The most honest summary, from researchers who've reviewed the field: the serif/sans choice has a much smaller effect on readability than font size, line length, line height, contrast, and the reader's familiarity with the typeface.
3. So why does pairing serif + sans for headings vs. body still feel right?
Because it solves a different problem than raw legibility:
Hierarchy at a glance. Two distinct font classes signal "this is a heading, this is body" before the reader processes any words. Size and weight do this too, but adding a class change makes it unambiguous.
Scanning behaviour. On screens especially, readers skim before they commit. Different families help headings act as visual landmarks.
Tonal contrast. Serifs read as more traditional/literary; sans as more modern/utilitarian. Pairing them lets the heading and body play complementary tonal roles.
Display vs. text optimization. Many serifs are designed to shine at body sizes; many sans are designed for display clarity at large sizes. Using each at its sweet spot is just good craft.
None of this requires the pairing to be specifically serif + sans. Two serifs (one display, one text) or a serif/sans superfamily work for the same reasons.
4. Practical principles for your work
For broad use across long-form reading and UI:
Default to two identifiably different fonts for heading vs. body when you want clear hierarchy with minimal effort.
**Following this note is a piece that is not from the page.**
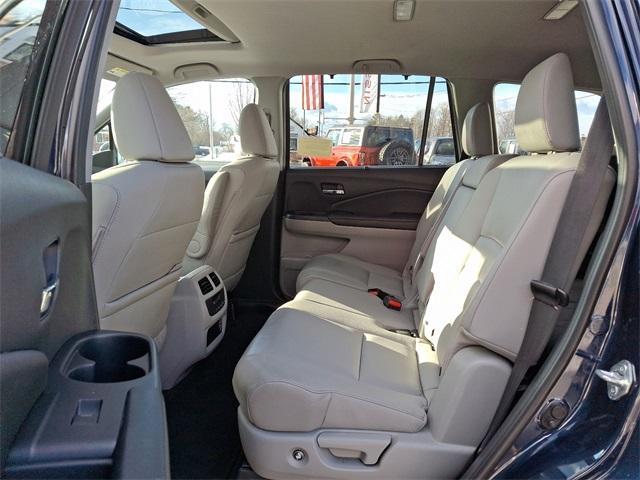 used 2022 Honda Pilot car, priced at $25,990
Match x-heights between the two — this matters more than the serif/sans distinction. Mismatched x-heights make the page feel disjointed even if the fonts are "supposed" to pair.
Pick one font to lead (usually body, since there's more of it). The heading font supports the body, not the other way around.
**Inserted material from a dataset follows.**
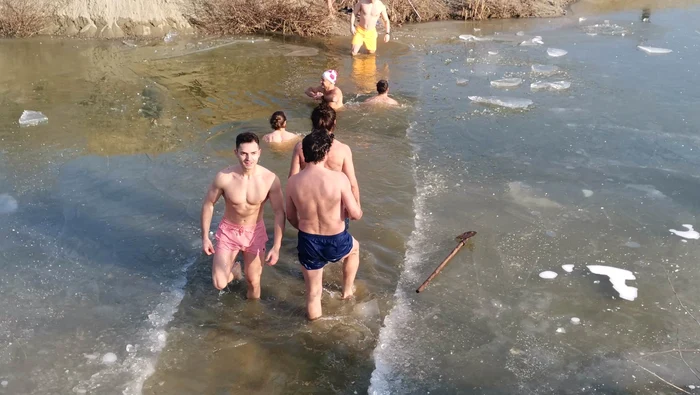 Andrei Simionese promovează metoda Wim Hof FOTO Ștefan Both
Contrast through a combination of family, weight, and size — not just family. A bold sans heading over a regular serif body has three layers of contrast working together.
Consider a superfamily (Source Serif + Source Sans, IBM Plex Serif + Sans, Inter + a serif companion) when you want pairing safety with minimal risk.
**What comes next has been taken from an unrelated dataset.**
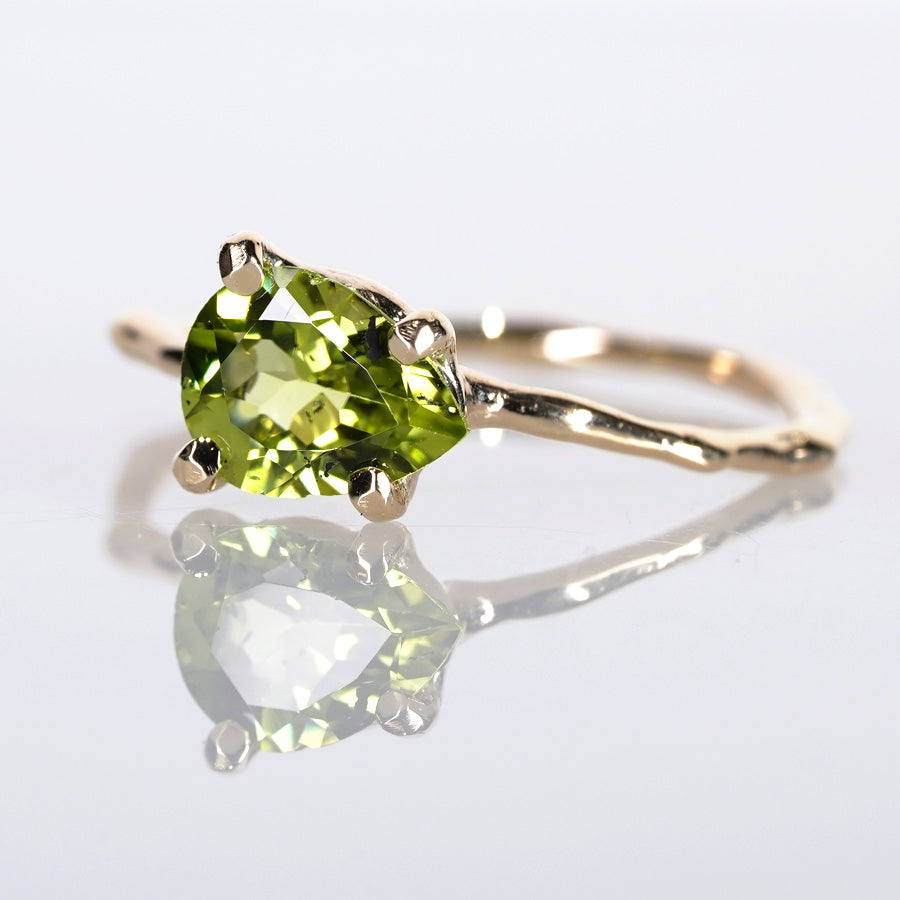 Charm Ring No.1279/ Peridot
Don't expect the pairing to make body text more readable. Choose the body font for legibility at your target size and line length first; choose the heading font to complement it second.
For screen-first products, body legibility comes from size, line-height, line-length and contrast — not from whether the font has serifs.
5. Key sources
Robert Bringhurst — The Elements of Typographic Style (4th ed., 2012)
Matthew Butterick — Practical Typography, "Mixing fonts" — https://practicaltypography.com/mixing-fonts.html
Jim Felici — The Complete Manual of Typography (general reference on pairing principles)
Smashing Magazine — "Best Practices of Combining Typefaces" (2010) — https://www.smashingmagazine.com/2010/11/best-practices-of-combining-typefaces/
Fiona Raeside-Elliott — Book Design Made Simple, "Combining serif and sans serif fonts" — https://www.bookdesignmadesimple.com/combining-serif-and-sans-serif-fonts/
Sarah Hyndman — Type Tasting, on serif vs sans serif font psychology and BBC Reith research — https://www.typetasting.com
Richardson, J.T.E. — The Legibility of Serif and Sans Serif Typefaces (Springer, 2022) — meta-review of the empirical literature
Bernard, M., Mills, M. et al. — multiple readability studies (cited widely in HCI literature)
Journal of Visual Impairment and Blindness — review of 18 studies on typeface legibility for low-vision readers
Rello, L. & Baeza-Yates, R. — readability research, including dyslexia-focused studies
The Readability Group / Bruno Maag — ongoing research on readable type, including the BBC Reith project
6. Where you might have read this originally
Given your background and what you describe, the most likely sources are:
Bringhurst's Elements — the canonical reference, most designers encounter the pairing idea here first
Butterick's Practical Typography — free online, widely shared in dev/design circles
Smashing Magazine's typography articles — common reading for web devs
Thinking with Type by Ellen Lupton — another common gateway, very accessible
If you remember an "important typographer" specifically and a longer-form treatment, Bringhurst is the strongest bet. If it was a punchy, web-friendly piece, Butterick.